UK: Boss jailed for four years after employee’s death
A company boss in the UK has been jailed after an employee was crushed to death by nearly half a tonne of glass panels. Han Rao was sentenced to four years’ imprisonment for manslaughter following trial at the Old Bailey. He was further sentenced to 15 months imprisonment for criminal breaches of health and safety laws, to run concurrently.

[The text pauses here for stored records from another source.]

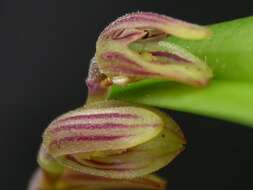 Image of hairy bonnet orchid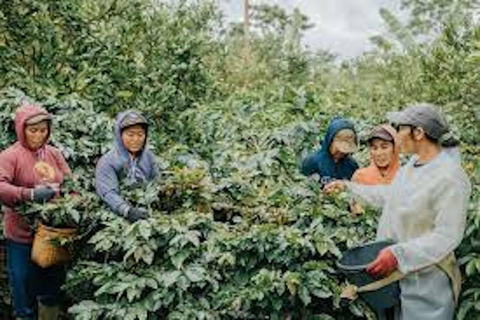 Ubud: Tour dell&#039;alba del Monte Batur in jeep e delle sorgenti calde naturaliTour dell&#039;alba in jeep con trasferimento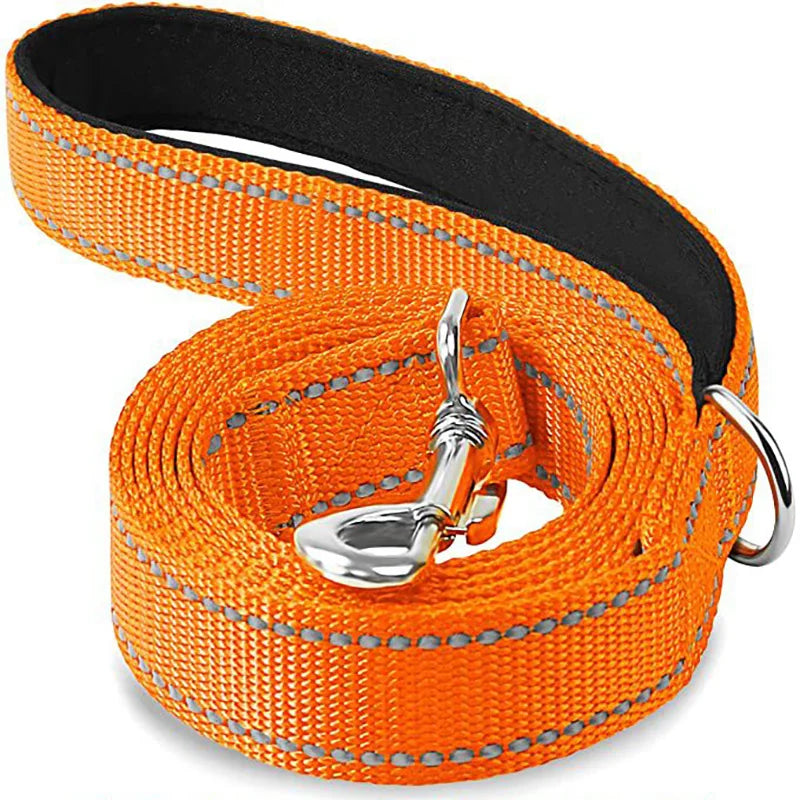 Reflective Lead for Dogs & Cats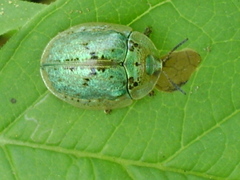 Physonota alutacea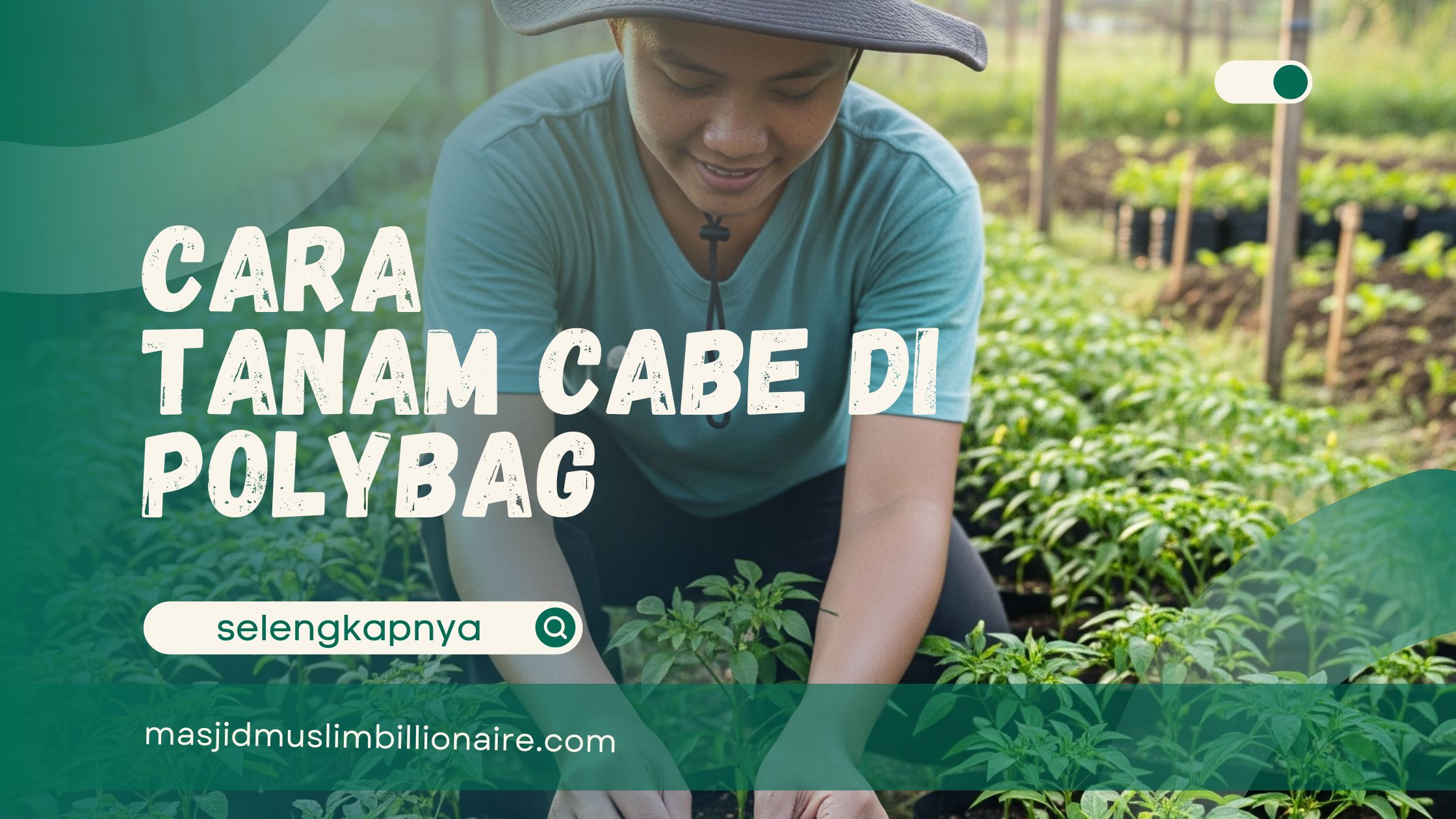 WAJIB TAHU!! MB FARM Bongkar Cara Tanam Cabe di Polybag – Tujuan Pemupukan dan Tempat Bibitnya!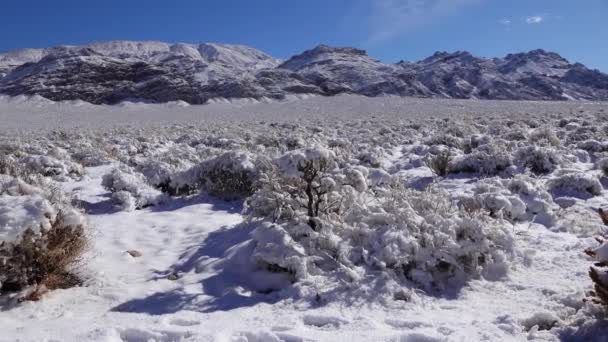 Sněhová Bouře Sníh Pouštních Rostlinách Horském Průsmyku Národního Parku Death — Stock video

On 16 November 2015, Rao tasked two employees at TLW (UK) logistics company to break up several damaged glazing panels. A 39-year-old worker and his colleague were tipping the panels into a skip before smashing them up by hand. As he manoeuvred a 400-kilo panel into position with a forklift truck it toppled forward, crushing him against the truck. He suffered injuries to his chest, fracturing his sternum and rupturing his heart and was pronounced dead at the scene.
The subsequent investigation found Rao had no health and safety policies in place and had not provided his employees the correct training or supervision. On the day of the incident, another employee warned Rao the worker’s life was being endangered by the work, however Rao did not tell the workers to stop, instead urging them to be careful and wear gloves.
Detective Constable Andy Jose, who led the investigation, said: “Rao was woefully unqualified as a manager. Not only did he have no knowledge or experience of his duties, he had not taken any steps to find out what he was required to do in terms of health and safety. He had also been made aware that this was a dangerous task but had not done anything to mitigate the risks. In fact, he ignored all of the warning signs put to him, signs which could have prevented Marian’s needless death had he acted upon them.”